Available records

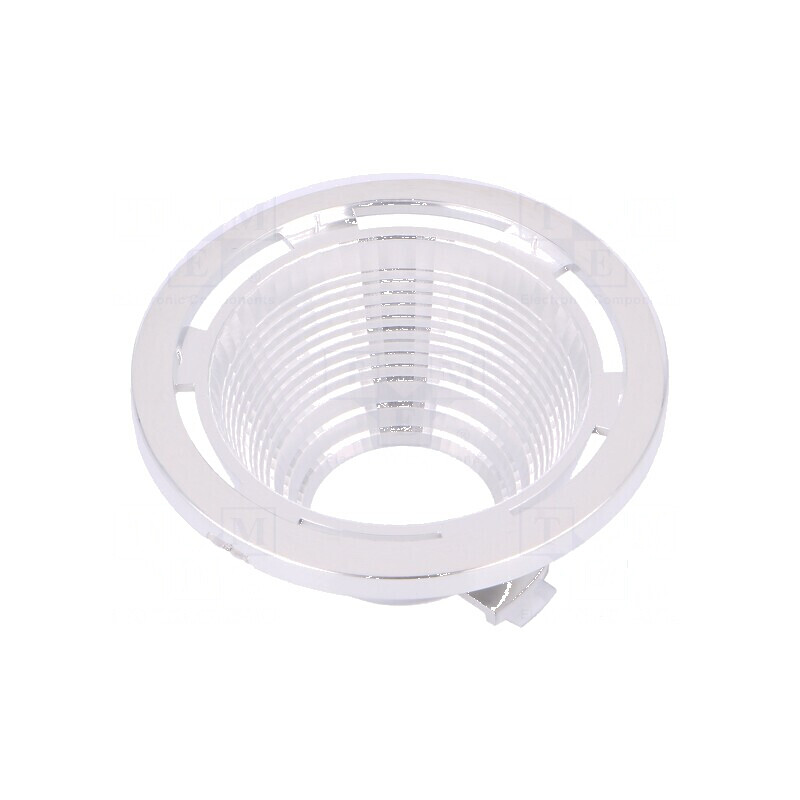 Reflector Rotund cu Soclu H: 22,6mm Ø: 50mm | Electronic-mag.ro | Componente Electronice Reflector Rotund cu Soclu H: 22,6mm Ø: 50mm | Electronic-mag.ro | Componente Electronice
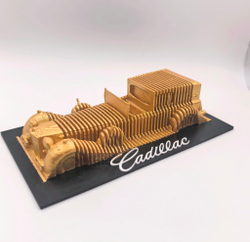 3d модель автомобиля "Cadillac"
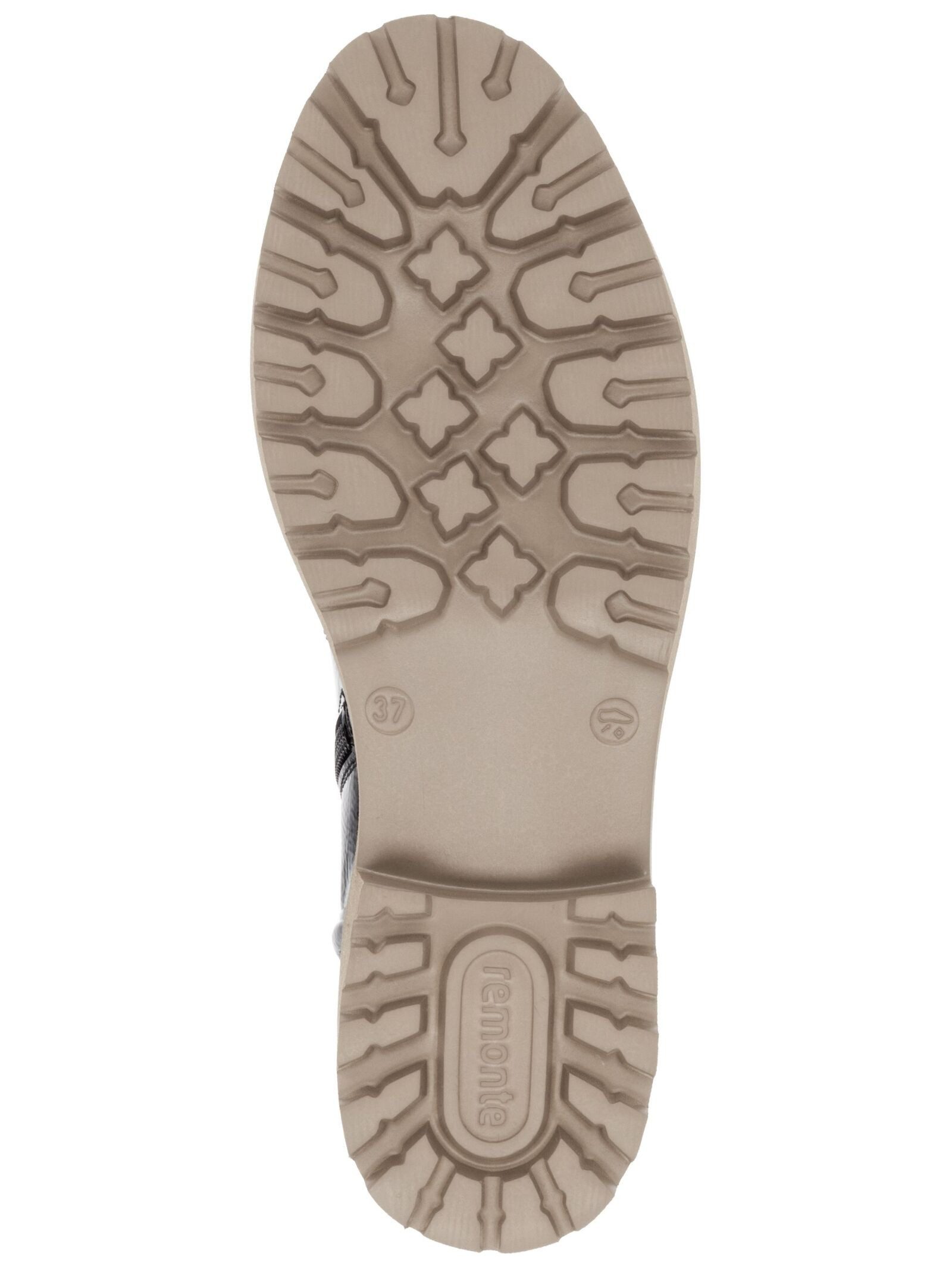 Remonte Remonte Stiefelette Leder Schnürstiefelette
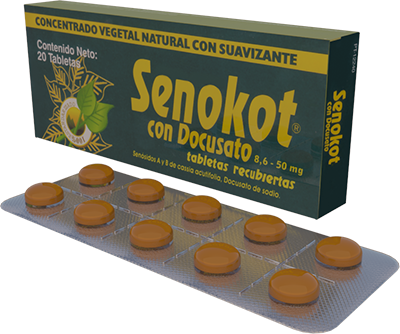 SENOKOT / CON DOCUSATO Tabletas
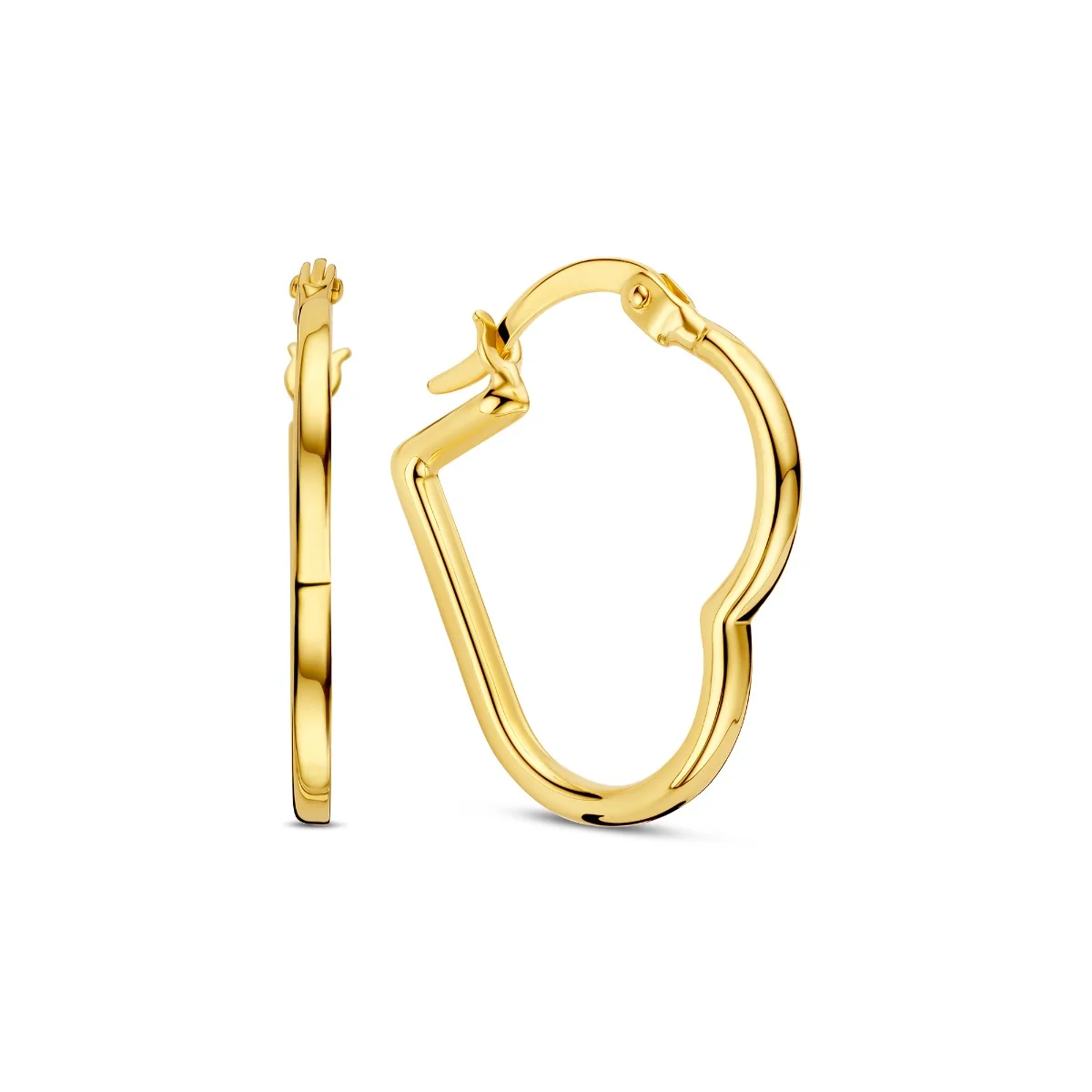 Beloro Jewels Della Spiga Luna 9 Karaat Hartjes Oorbellen BO360081 - 51Dnspod | Smaakvolle damp – Verzendkosten vrij vanaf 40€ Beloro Jewels Della Spiga Luna 9 Karaat Hartjes Oorbellen BO360081 - 51Dnspod | Smaakvolle damp – Verzendkosten vrij vanaf 40€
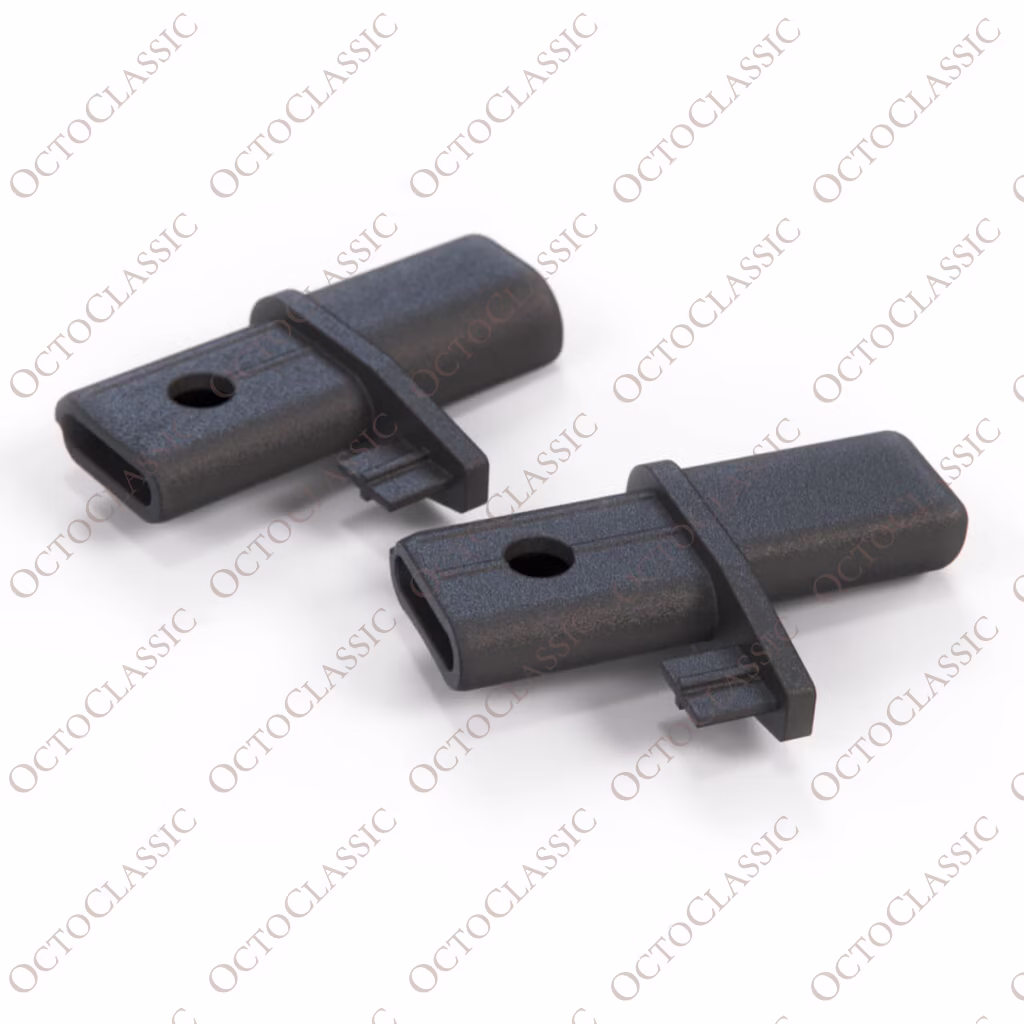 Audi A4 B5 Soporte del estante trasero izquierdo y derecho negro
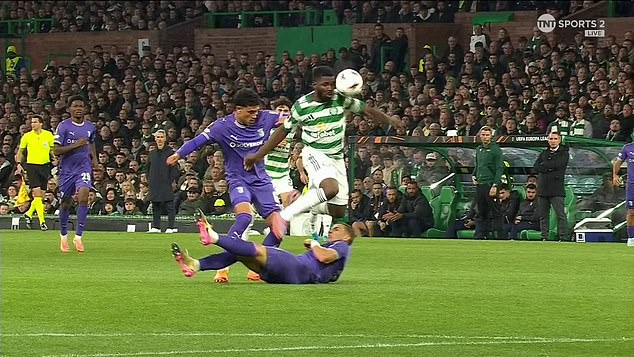 The moment VAR intervened to disallow Kelechi Iheanacho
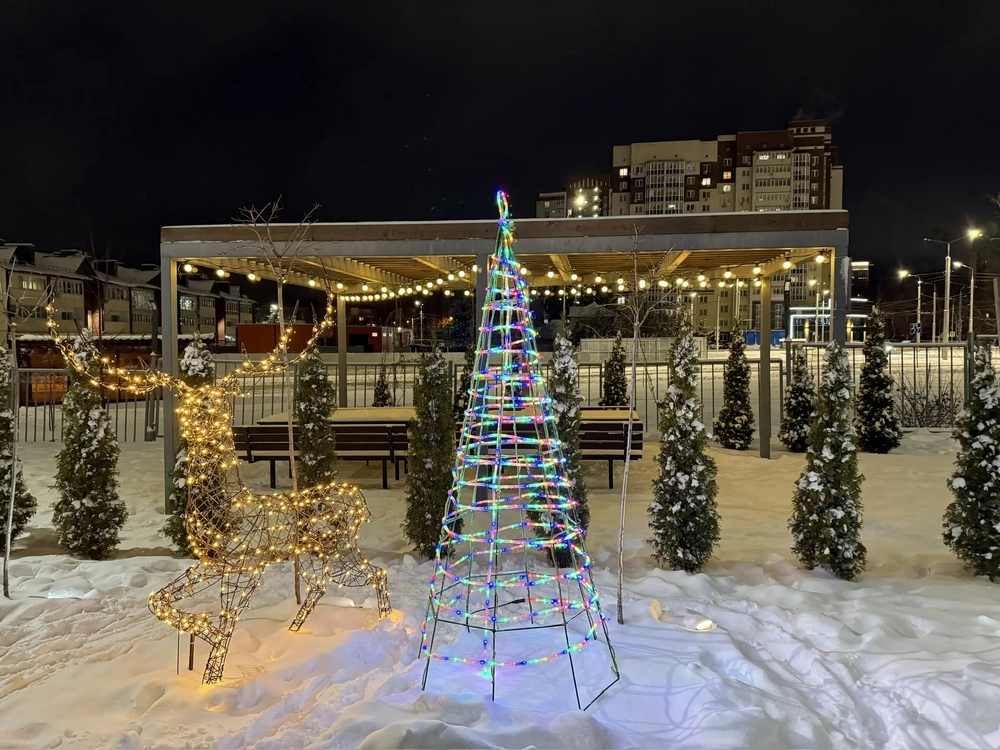 «Новогодняя сказка». В администрации Советского района Брянска вручили награды управляющим компаниям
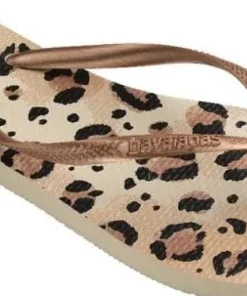 Havaianas Women's Slim Animals 6516 Beige/beige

Prompt
Repeat the records above exactly, without pictures.

Expected answer
 Reflector Rotund cu Soclu H: 22,6mm Ø: 50mm | Electronic-mag.ro | Componente Electronice Reflector Rotund cu Soclu H: 22,6mm Ø: 50mm | Electronic-mag.ro | Componente Electronice
 3d модель автомобиля "Cadillac"
 Remonte Remonte Stiefelette Leder Schnürstiefelette
 SENOKOT / CON DOCUSATO Tabletas
 Beloro Jewels Della Spiga Luna 9 Karaat Hartjes Oorbellen BO360081 - 51Dnspod | Smaakvolle damp – Verzendkosten vrij vanaf 40€ Beloro Jewels Della Spiga Luna 9 Karaat Hartjes Oorbellen BO360081 - 51Dnspod | Smaakvolle damp – Verzendkosten vrij vanaf 40€
 Audi A4 B5 Soporte del estante trasero izquierdo y derecho negro
 The moment VAR intervened to disallow Kelechi Iheanacho
 «Новогодняя сказка». В администрации Советского района Брянска вручили награды управляющим компаниям
 Havaianas Women's Slim Animals 6516 Beige/beige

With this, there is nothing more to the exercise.